**What to produce:** Exactly the lines below from the one with "レースコンビ カットソー" up to and including the one with "ZIERKISSEN Rick and" make up the answer, with nothing else added.

**Material provided:**
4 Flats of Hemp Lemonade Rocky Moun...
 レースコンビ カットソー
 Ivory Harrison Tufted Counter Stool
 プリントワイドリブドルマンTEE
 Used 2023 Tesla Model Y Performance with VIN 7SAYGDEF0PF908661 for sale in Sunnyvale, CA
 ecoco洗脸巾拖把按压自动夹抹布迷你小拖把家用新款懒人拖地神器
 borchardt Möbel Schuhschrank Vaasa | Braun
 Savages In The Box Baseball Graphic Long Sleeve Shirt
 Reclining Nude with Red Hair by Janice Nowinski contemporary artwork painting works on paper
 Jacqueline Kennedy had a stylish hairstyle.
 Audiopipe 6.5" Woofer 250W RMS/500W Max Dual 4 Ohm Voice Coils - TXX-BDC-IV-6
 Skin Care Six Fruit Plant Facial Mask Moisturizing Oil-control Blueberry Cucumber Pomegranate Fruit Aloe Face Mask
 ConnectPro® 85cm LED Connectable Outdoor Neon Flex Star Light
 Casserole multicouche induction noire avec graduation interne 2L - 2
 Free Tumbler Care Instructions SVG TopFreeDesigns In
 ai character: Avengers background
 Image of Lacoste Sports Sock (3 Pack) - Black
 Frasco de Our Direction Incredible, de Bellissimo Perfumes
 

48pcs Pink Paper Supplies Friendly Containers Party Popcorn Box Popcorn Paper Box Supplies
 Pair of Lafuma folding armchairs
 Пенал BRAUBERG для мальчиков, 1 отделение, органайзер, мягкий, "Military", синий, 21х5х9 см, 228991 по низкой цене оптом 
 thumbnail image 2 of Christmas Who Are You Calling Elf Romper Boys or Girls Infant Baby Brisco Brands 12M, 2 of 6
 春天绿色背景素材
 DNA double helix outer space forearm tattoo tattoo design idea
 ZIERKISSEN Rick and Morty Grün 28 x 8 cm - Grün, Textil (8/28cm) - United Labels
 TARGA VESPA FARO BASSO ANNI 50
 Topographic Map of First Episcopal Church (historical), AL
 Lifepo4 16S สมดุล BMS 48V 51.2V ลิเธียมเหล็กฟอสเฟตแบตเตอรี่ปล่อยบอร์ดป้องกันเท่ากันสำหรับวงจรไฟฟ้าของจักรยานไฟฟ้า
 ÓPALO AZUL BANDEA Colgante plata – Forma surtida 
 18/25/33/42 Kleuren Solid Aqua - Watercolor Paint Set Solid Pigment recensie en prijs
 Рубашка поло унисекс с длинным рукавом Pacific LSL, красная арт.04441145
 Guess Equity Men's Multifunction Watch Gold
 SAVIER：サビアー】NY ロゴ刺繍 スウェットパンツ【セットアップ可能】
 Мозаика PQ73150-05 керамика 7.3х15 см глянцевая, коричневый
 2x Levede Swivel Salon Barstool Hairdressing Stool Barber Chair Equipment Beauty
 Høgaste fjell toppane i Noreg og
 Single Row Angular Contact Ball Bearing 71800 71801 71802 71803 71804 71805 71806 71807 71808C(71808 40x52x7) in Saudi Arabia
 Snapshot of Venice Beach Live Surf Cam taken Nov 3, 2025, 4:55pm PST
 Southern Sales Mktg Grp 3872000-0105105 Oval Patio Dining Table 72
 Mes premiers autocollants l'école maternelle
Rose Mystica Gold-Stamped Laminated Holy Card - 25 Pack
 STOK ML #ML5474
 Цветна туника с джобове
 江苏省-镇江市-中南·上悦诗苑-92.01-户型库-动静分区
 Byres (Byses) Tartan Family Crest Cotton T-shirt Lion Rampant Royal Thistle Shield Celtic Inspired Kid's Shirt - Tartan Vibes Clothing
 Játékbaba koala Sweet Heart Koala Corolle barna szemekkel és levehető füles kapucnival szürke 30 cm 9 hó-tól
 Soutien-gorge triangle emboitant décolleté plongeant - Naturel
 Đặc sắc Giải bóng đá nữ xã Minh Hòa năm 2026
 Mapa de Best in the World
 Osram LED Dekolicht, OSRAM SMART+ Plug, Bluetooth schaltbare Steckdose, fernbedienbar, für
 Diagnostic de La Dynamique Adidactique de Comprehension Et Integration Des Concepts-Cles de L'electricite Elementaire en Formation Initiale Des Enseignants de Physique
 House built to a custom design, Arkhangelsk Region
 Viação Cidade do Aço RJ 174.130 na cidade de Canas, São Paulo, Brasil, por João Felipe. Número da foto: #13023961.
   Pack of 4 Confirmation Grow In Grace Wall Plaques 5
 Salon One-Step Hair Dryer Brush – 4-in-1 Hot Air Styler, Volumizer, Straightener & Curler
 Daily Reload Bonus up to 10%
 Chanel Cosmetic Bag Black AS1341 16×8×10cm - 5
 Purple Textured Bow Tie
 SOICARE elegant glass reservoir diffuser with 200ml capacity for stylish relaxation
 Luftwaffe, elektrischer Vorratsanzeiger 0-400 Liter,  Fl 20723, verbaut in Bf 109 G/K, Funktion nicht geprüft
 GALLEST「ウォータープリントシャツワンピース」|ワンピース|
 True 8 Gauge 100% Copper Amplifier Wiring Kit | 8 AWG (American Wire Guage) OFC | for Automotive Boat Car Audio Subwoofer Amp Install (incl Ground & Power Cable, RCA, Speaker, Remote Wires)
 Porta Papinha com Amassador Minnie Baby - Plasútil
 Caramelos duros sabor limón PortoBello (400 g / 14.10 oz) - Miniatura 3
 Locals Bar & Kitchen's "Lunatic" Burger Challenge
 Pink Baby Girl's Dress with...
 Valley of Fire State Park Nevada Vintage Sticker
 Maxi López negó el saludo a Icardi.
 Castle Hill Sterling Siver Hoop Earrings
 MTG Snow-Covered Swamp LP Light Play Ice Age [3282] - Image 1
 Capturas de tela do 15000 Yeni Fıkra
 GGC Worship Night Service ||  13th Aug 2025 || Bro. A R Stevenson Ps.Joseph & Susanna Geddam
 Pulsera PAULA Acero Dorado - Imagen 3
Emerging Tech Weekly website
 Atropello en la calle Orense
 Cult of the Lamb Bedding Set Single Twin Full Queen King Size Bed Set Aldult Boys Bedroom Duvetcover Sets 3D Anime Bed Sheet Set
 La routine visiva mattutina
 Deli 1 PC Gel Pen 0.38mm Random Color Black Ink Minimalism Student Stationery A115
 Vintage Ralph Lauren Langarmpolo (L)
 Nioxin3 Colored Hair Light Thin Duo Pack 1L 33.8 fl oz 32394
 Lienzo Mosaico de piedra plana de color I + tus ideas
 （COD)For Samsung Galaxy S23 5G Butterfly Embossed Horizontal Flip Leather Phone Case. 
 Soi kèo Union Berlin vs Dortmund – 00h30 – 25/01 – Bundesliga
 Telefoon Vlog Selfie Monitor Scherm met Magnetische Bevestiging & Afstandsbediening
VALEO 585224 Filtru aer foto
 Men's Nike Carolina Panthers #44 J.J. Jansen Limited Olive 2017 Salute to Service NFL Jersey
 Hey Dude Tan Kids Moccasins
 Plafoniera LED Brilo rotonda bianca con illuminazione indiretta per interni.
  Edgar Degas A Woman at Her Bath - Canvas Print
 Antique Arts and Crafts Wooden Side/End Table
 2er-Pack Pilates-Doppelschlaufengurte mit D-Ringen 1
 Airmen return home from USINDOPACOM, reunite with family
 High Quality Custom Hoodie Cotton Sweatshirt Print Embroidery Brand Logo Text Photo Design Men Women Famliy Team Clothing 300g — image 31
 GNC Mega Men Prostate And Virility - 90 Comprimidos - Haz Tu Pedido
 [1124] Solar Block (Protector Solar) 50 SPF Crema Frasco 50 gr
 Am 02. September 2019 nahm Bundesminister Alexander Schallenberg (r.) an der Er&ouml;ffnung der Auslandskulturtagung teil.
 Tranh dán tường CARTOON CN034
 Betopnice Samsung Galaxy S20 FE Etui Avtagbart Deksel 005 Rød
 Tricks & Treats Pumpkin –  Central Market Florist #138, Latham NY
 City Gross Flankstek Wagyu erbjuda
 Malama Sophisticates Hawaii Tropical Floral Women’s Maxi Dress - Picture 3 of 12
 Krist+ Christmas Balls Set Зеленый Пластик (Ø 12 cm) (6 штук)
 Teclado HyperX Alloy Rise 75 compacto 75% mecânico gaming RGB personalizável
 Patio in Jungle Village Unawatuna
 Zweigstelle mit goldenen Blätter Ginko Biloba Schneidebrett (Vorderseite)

**Result:**
 レースコンビ カットソー
 Ivory Harrison Tufted Counter Stool
 プリントワイドリブドルマンTEE
 Used 2023 Tesla Model Y Performance with VIN 7SAYGDEF0PF908661 for sale in Sunnyvale, CA
 ecoco洗脸巾拖把按压自动夹抹布迷你小拖把家用新款懒人拖地神器
 borchardt Möbel Schuhschrank Vaasa | Braun
 Savages In The Box Baseball Graphic Long Sleeve Shirt
 Reclining Nude with Red Hair by Janice Nowinski contemporary artwork painting works on paper
 Jacqueline Kennedy had a stylish hairstyle.
 Audiopipe 6.5" Woofer 250W RMS/500W Max Dual 4 Ohm Voice Coils - TXX-BDC-IV-6
 Skin Care Six Fruit Plant Facial Mask Moisturizing Oil-control Blueberry Cucumber Pomegranate Fruit Aloe Face Mask
 ConnectPro® 85cm LED Connectable Outdoor Neon Flex Star Light
 Casserole multicouche induction noire avec graduation interne 2L - 2
 Free Tumbler Care Instructions SVG TopFreeDesigns In
 ai character: Avengers background
 Image of Lacoste Sports Sock (3 Pack) - Black
 Frasco de Our Direction Incredible, de Bellissimo Perfumes
 

48pcs Pink Paper Supplies Friendly Containers Party Popcorn Box Popcorn Paper Box Supplies
 Pair of Lafuma folding armchairs
 Пенал BRAUBERG для мальчиков, 1 отделение, органайзер, мягкий, "Military", синий, 21х5х9 см, 228991 по низкой цене оптом 
 thumbnail image 2 of Christmas Who Are You Calling Elf Romper Boys or Girls Infant Baby Brisco Brands 12M, 2 of 6
 春天绿色背景素材
 DNA double helix outer space forearm tattoo tattoo design idea
 ZIERKISSEN Rick and Morty Grün 28 x 8 cm - Grün, Textil (8/28cm) - United Labels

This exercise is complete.